* Assignment:
Could you please output all of the data exactly, without the images?

* Data to use:
-*-
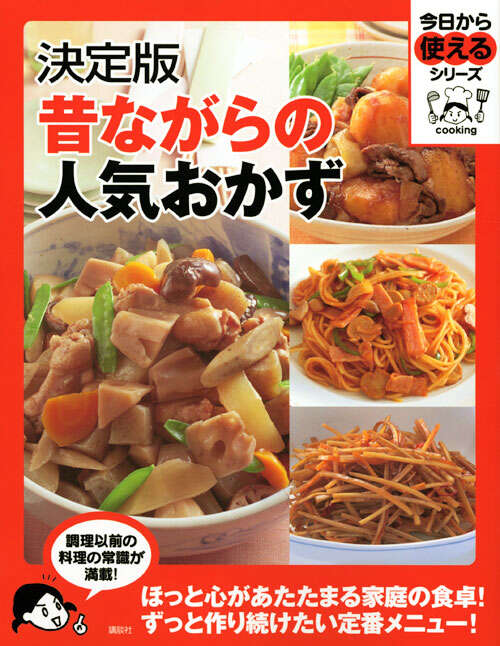 決定版　昔ながらの人気おかず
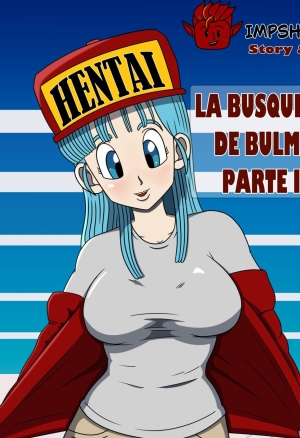 La busqueda de bulma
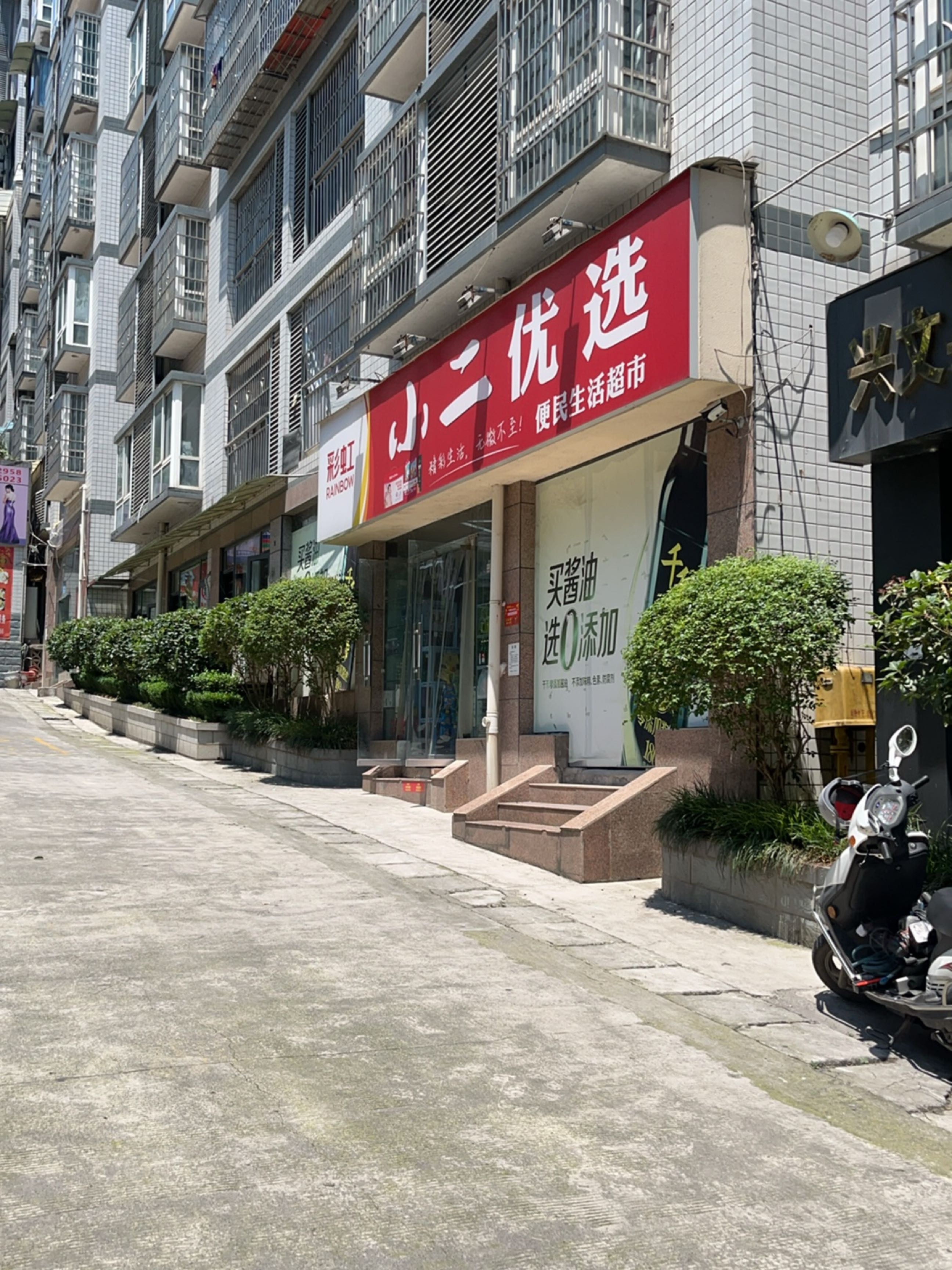 小二优选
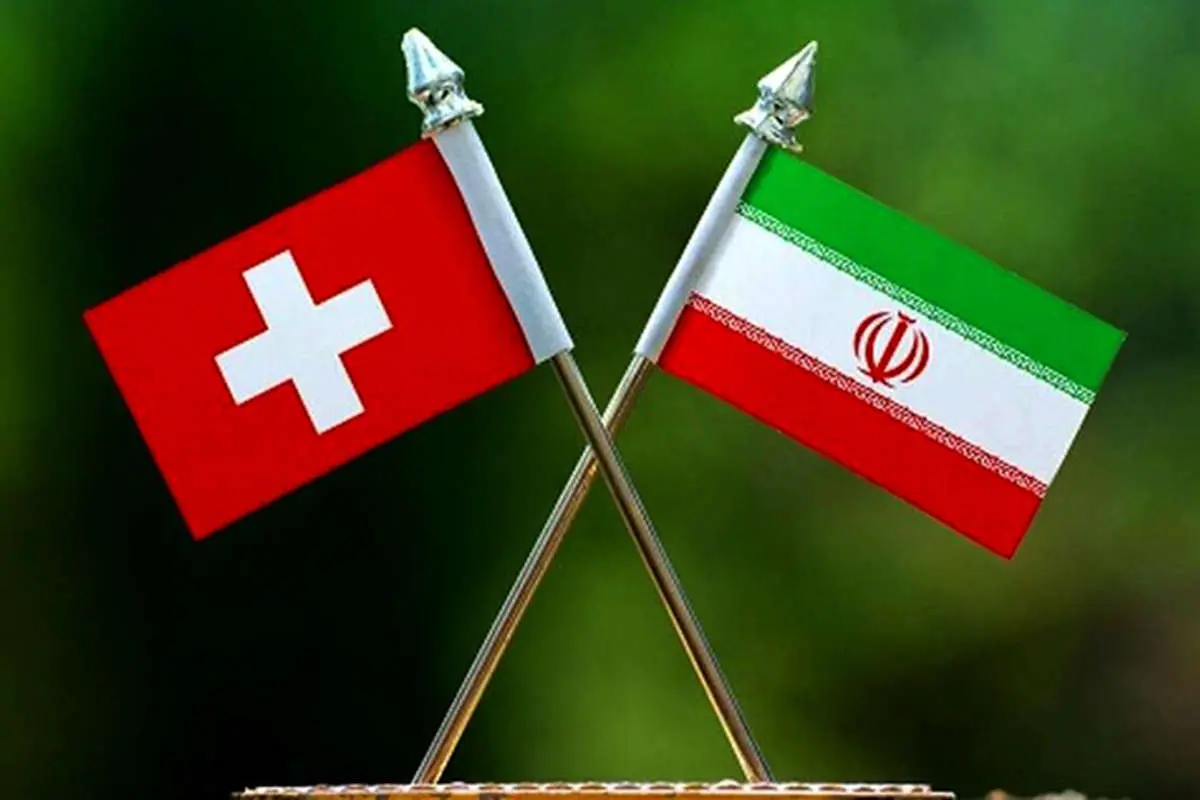 درخواست سوئیس برای گسترش سرمایهگذاری در ایران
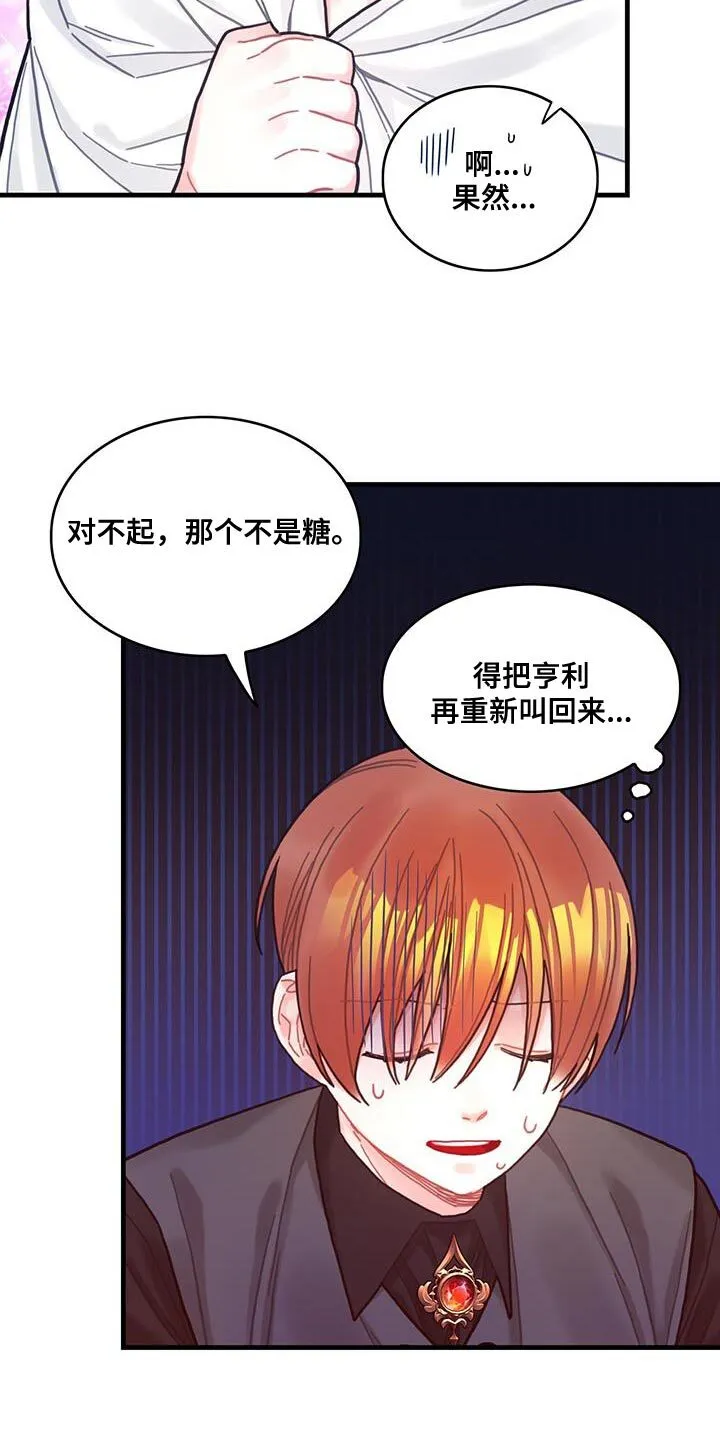 第69章：变成小孩 第9页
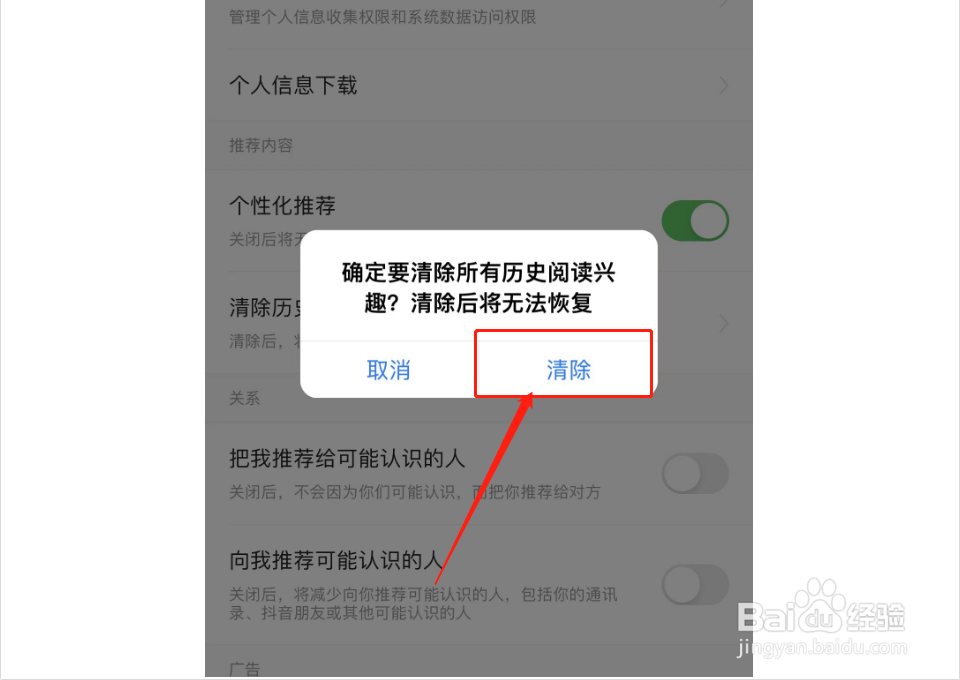 今日头条如何清除历史阅读兴趣
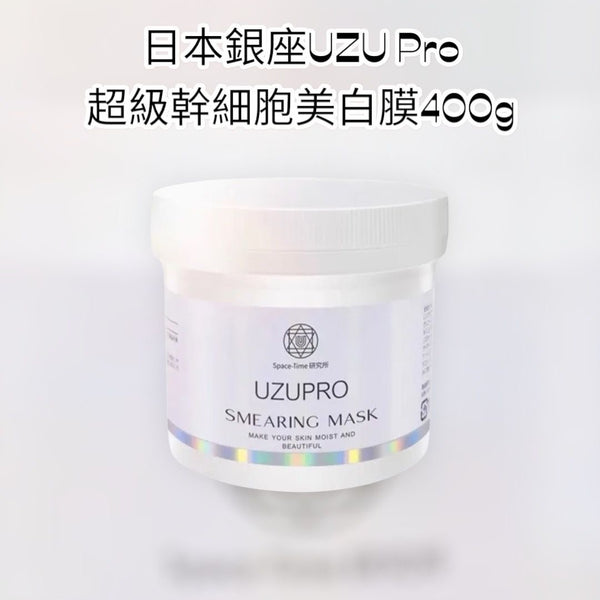 日本 銀座 UZU Pro超級幹細胞美白膜400g Smearing mask ~make your skin moist and beautiful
-*-
* The completed task:
 決定版　昔ながらの人気おかず
 La busqueda de bulma
 小二优选
 درخواست سوئیس برای گسترش سرمایهگذاری در ایران
 第69章：变成小孩 第9页
 今日头条如何清除历史阅读兴趣
 日本 銀座 UZU Pro超級幹細胞美白膜400g Smearing mask ~make your skin moist and beautiful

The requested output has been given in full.